● Extracted data:
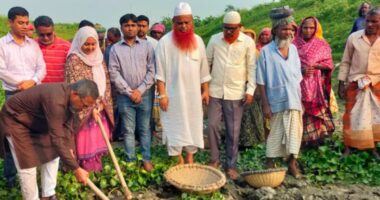 গুরুদাসপুরে সিধুলী খাল পুনঃখনন শুরু, সুফল পাবে কৃষক
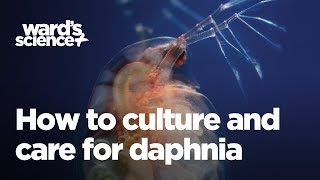 Caring and Culturing for Daphnia [upl. by Kenney]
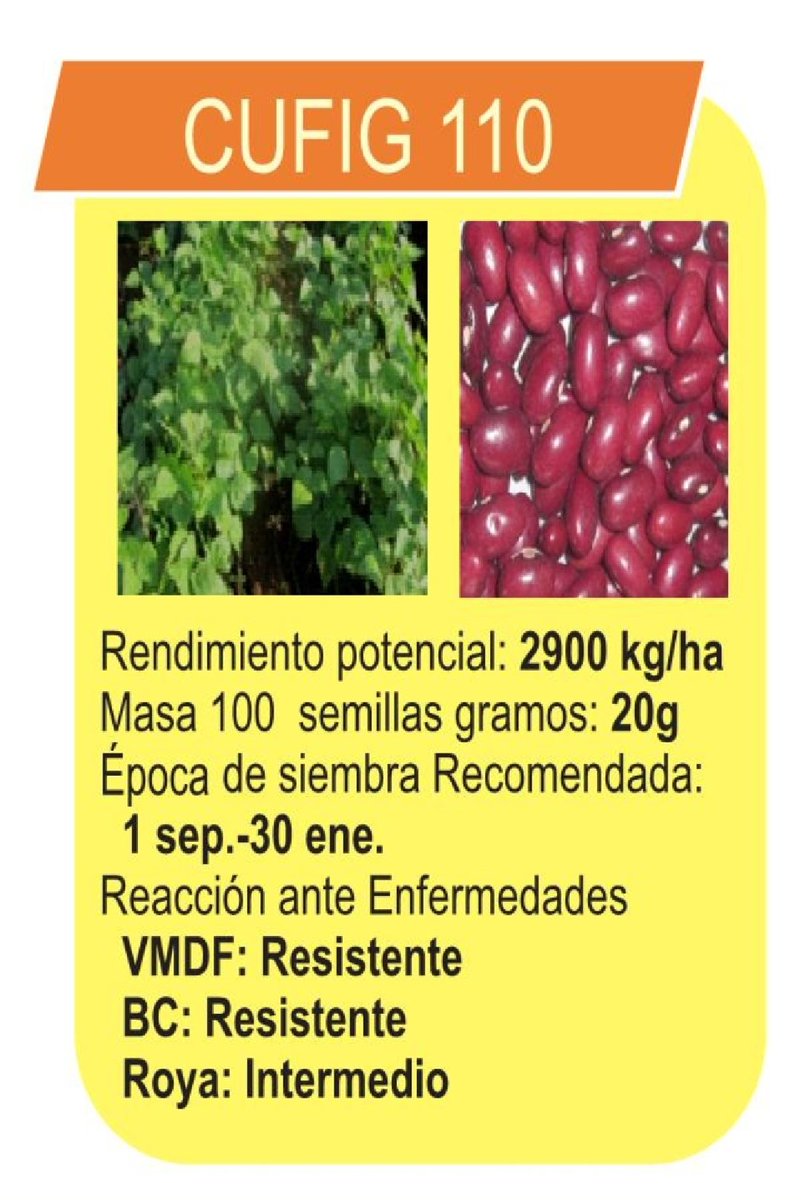GranosInstituto's tweet photo. Sección Técnica. Variedad de Frijol #CUFIG-110 del Instituto de Investigaciones de Granos #AlimentosConMasCiencia #Agricultura #VamosalGrano https://t.co/Zvs3HUxPQF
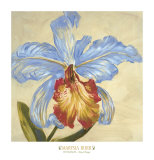 Buy Hot Blooms III at AllPosters.com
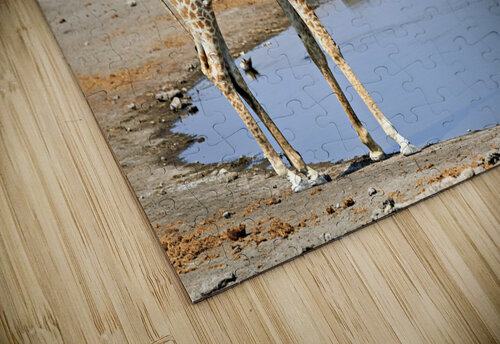 Namibia. Etosha National Park. Giraffe drinking at a waterhole Marco Brivio puzzle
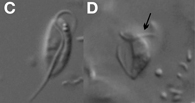 File:Stygiella incarcerata.jpg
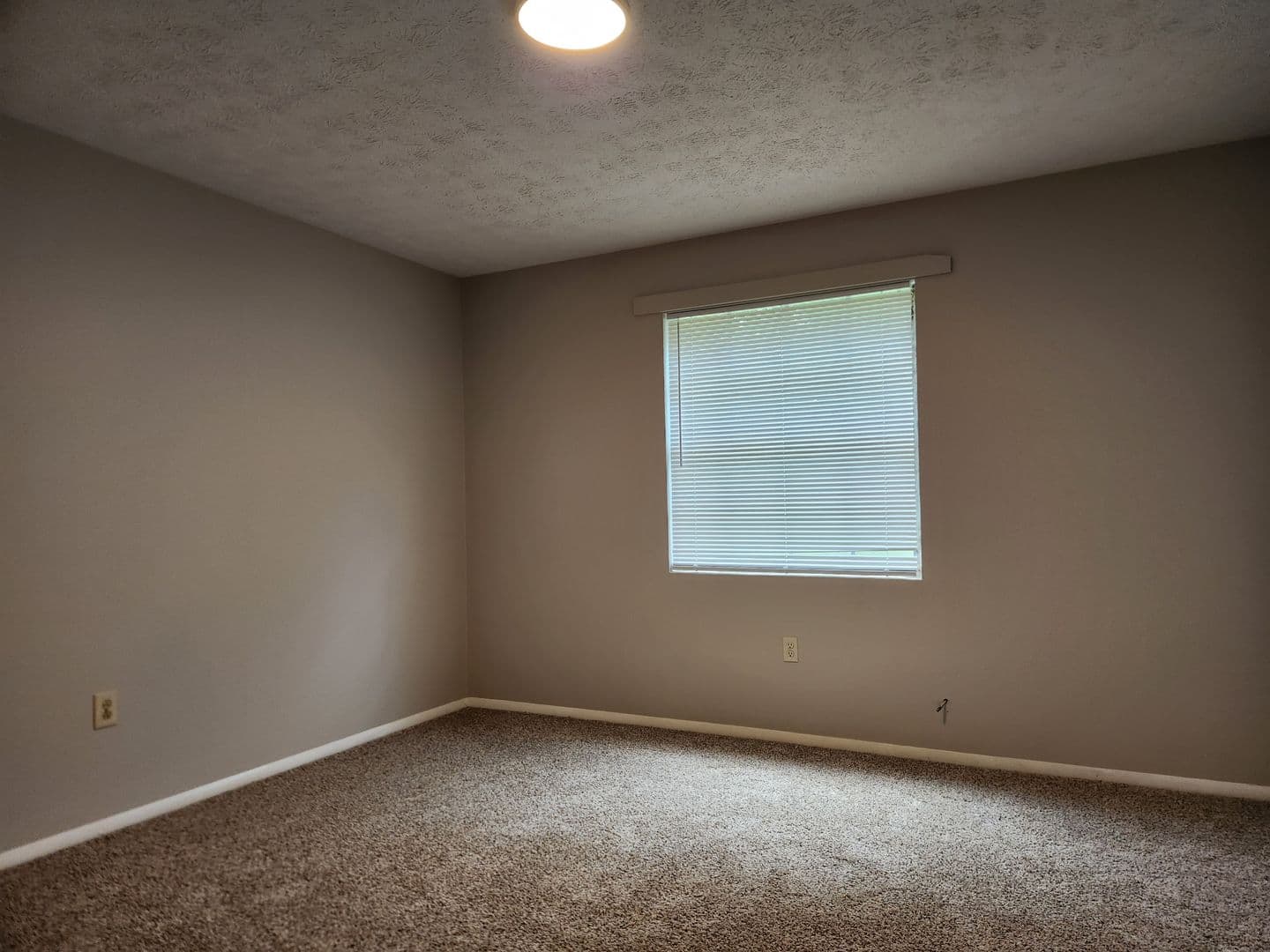 Savannah Apartment: 3646 Duane Court
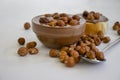 Chocolate paste, hazelnuts, cooking on a light background Royalty Free Stock Photo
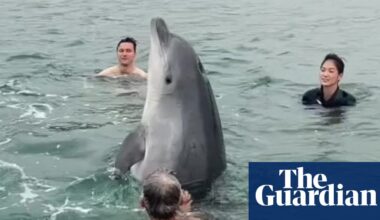 Public warned to keep away from injured dolphin filmed with Dorset swimmers | Dolphins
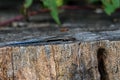 Five-lined skink on tree stump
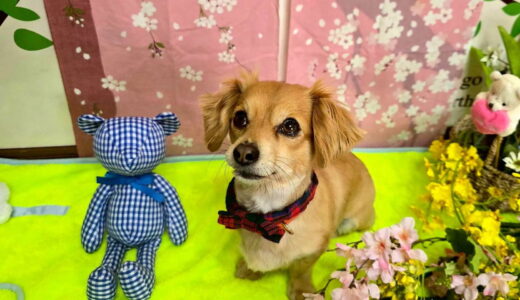 幼稚園生　ジェニファーちゃん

● What the task requires: In the data above, find the line containing "GranosInstituto's tweet photo." and the line containing "File:Stygiella incarcerata.jpg". Repeat those two lines and everything between them exactly, minus the pictures.

● Exercise solution:
GranosInstituto's tweet photo. Sección Técnica. Variedad de Frijol #CUFIG-110 del Instituto de Investigaciones de Granos #AlimentosConMasCiencia #Agricultura #VamosalGrano https://t.co/Zvs3HUxPQF
 Buy Hot Blooms III at AllPosters.com
 Namibia. Etosha National Park. Giraffe drinking at a waterhole Marco Brivio puzzle
 File:Stygiella incarcerata.jpg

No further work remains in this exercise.